B.Carige: BlackRock cerca alleati (MF)

BlackRock compra una società americana specializzata in investimenti alternativi

Fonte: MF Dow Jones (Italiano)

BlackRock tenta di allargare la cordata che sta 

trattando per l’acquisto di Carige e potrebbe formalizzare l’offerta 

vincolante entro il nuovo termine del 17 maggio. Dopo la proroga di un 

mese concessa dalla Bce, il gestore Usa assistito da Mediobanca starebbe 

coinvolgendo altri soggetti finanziari nel processo. 

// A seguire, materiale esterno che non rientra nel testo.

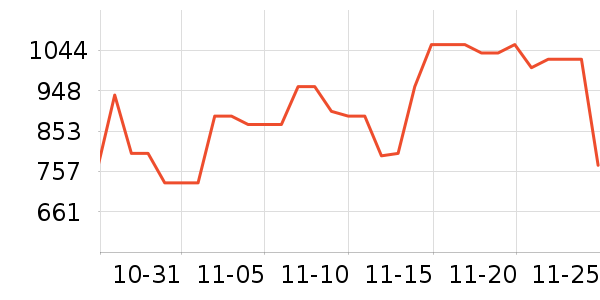 ���˶���ë����Ʒ��ʷ�۸�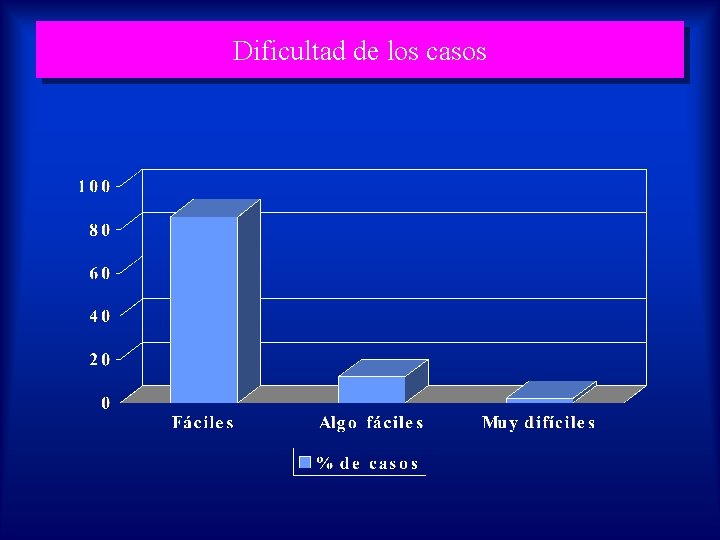 Dificultad de los casos 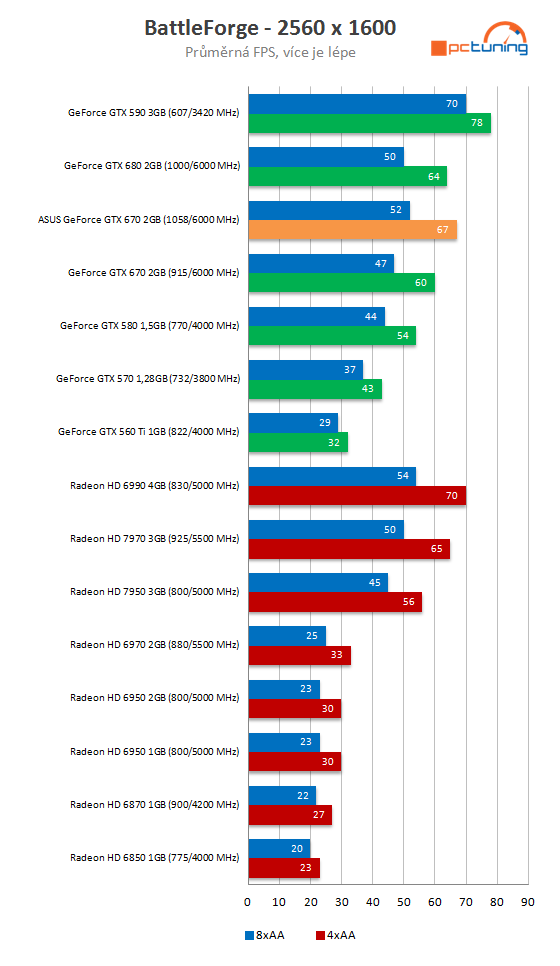 Grafika Asus GeForce GTX 670 DCU II – překoná i GTX 680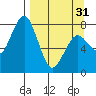 Port Lions tide chart for Sunday, March 31, 2024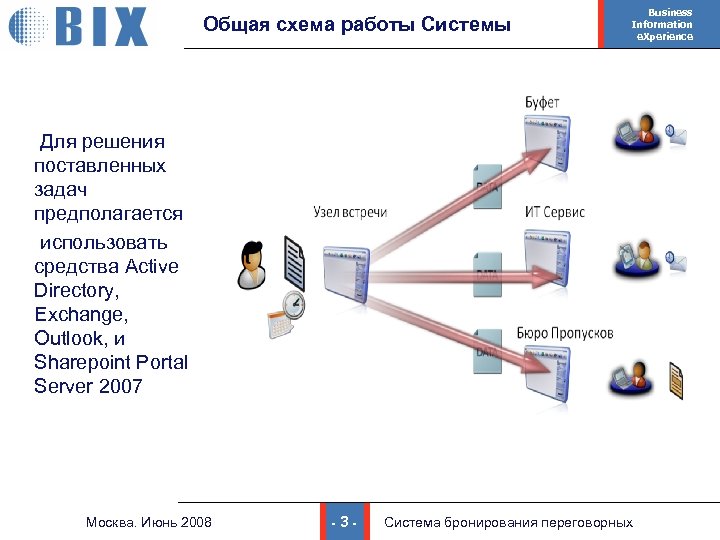 Общая схема работы Системы Business Information e. Xperience Для решения поставленных задач предполагается использовать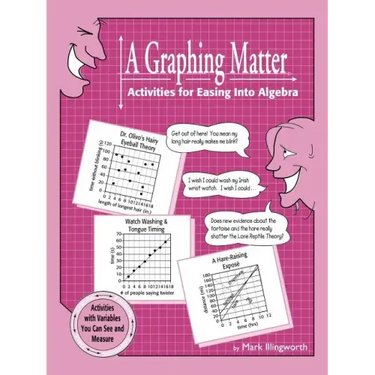 A Graphing Matter: Activities for Easing Into Algebra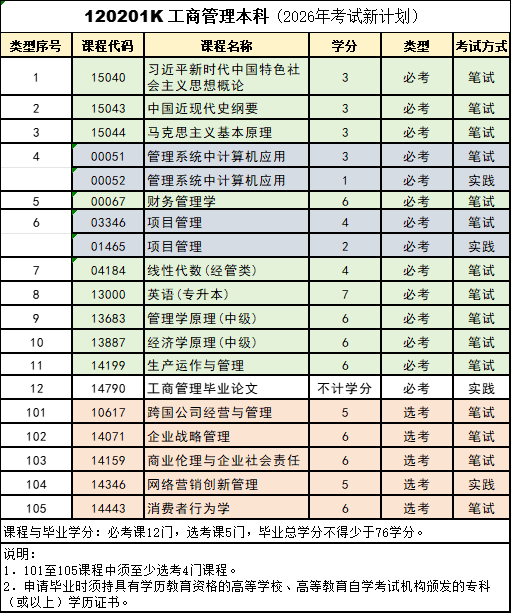 工商管理.png 工商管理.png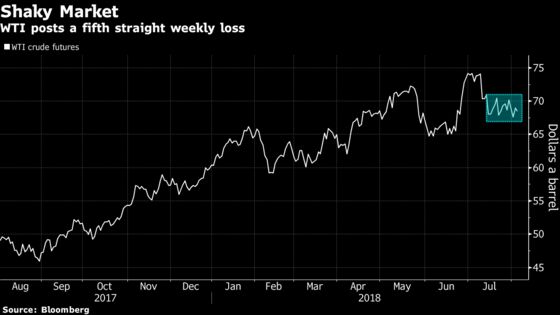 Crude Oil Dips as China Plans Tariffs to Counter Trump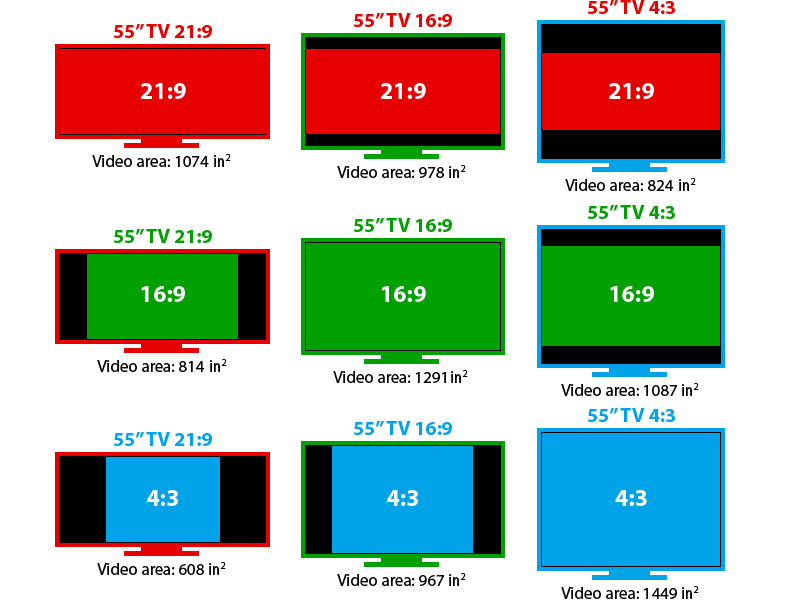 aspect ratio formati tv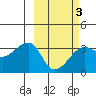 False Pass tide chart for Wednesday, March 3, 2021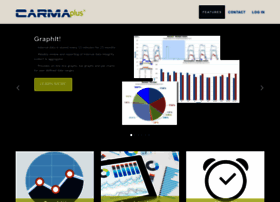 carmaplus.ca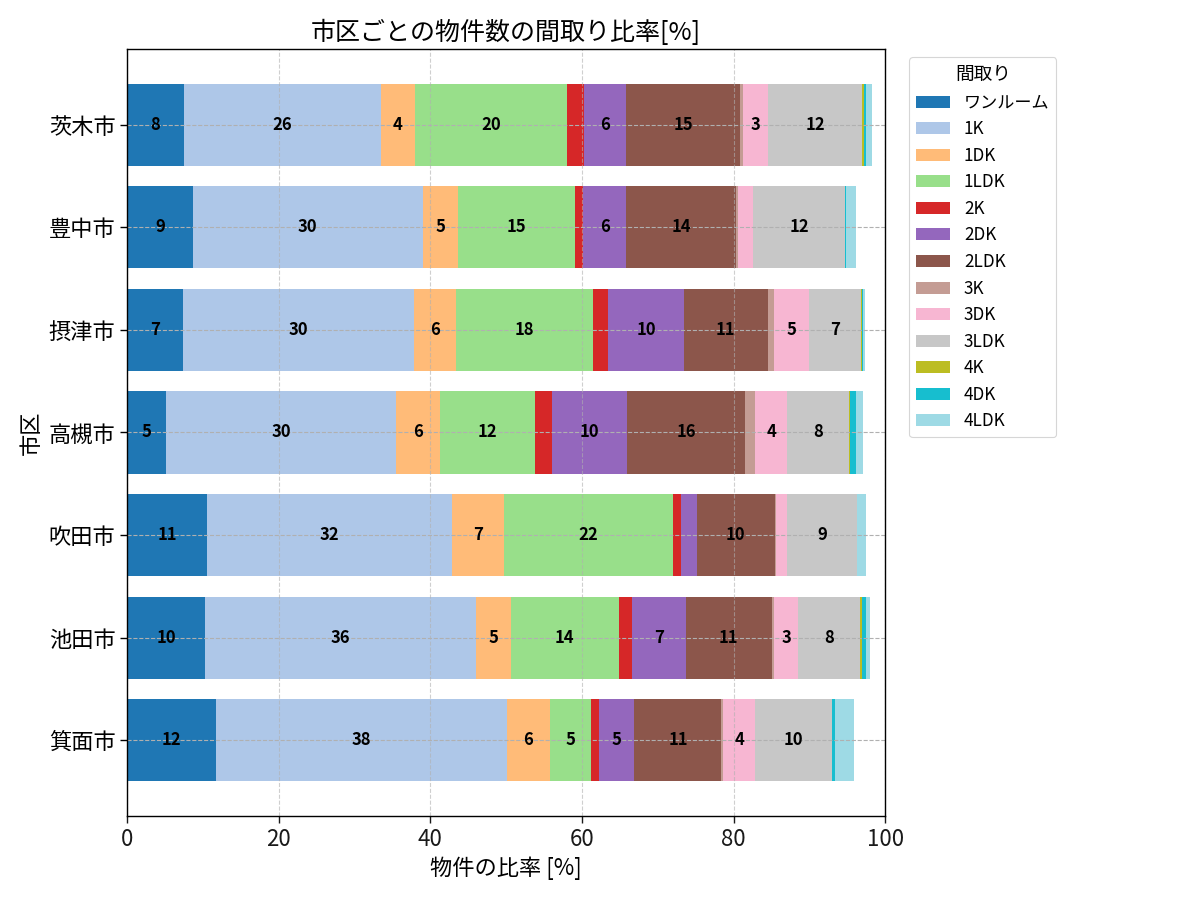 市区ごとの物件数の間取り比率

Alla finestra, scrive MF, ci sarebbero tre fondi che in passato avevano 

già lavorato su diversi dossier con il gruppo guidato da Larry Fink e che 

ora potrebbero entrare come co-investitori nel progetto Carige. Si 

tratterebbe di private equity e fondi di credito, soggetti insomma con un 

profilo industriale compatibile al progetto che BlackRock potrebbe 

realizzare a Genova. Proprio l’allargamento della cordata sarebbe in 

questi giorni la priorità dell’investitore americano, rimasto l’unico 

pretendente al tavolo con i commissari Pietro Modiano, Fabio Innocenzi e 

Raffaele Lener (assistiti dall’advisor industriale Boston Consulting 

Group). L’altro aspetto da definire riguarda il ruolo dei Malacalza, che 

BlackRock intende coinvolgere nell’operazione. La famiglia sembra 

orientata a partecipare all’aumento di capitale, sottoscrivendo una 

tranche compresa tra 60 e 90 milioni e diluendo così la partecipazione 

dall’attuale 27% a una quota nell’intorno del 10%. Certo è che i Malacalza 

rappresentano un tassello essenziale del salvataggio. Il loro assenso è 

infatti essenziale per condurre in porto il deal, visto che qualunque 

operazione dovrà passare al vaglio dell’assemblea straordinaria che oggi i 

Malacalza sono ancora in grado di condizionare. È peraltro inevitabile che 

la discussione in corso con BlackRock riguardi non solo l’aumento, ma 

anche la governance futura di Carige sulla quale l’accordo potrebbe 

rivelarsi più scivoloso. 

Non sarebbe invece più motivo di preoccupazione l’intervento dello 

Schema Volontario del Fondo di tutela dei depositi (Fitd). Il veicolo 

presieduto da Salvatore Maccarone appare orientato a convertire in equity 

il bond subordinato da 318 milioni sottoscritto alla fine dello scorso 

novembre. «Credo che la conversione sarà inevitabile», aveva dichiarato 

nei giorni scorsi Maccarone lasciando comunque intendere che una 

conversione integrale del bond potrebbe generare più di un mal di pancia 

tra le banche associate. La mossa (che dovrà comunque passare attraverso 

l’assemblea) sarà oggetto di discussione nel cda che il Fitd riunirà 

domani. Nel corso del vertice non sarà ancora presa alcuna decisione 

formale, ma verranno poste le premesse dell’intervento. Se i vertici sono 

determinati a trovare una soluzione di mercato, l’ipotesi di un intervento 

dello Stato è tutt’altro che improbabile.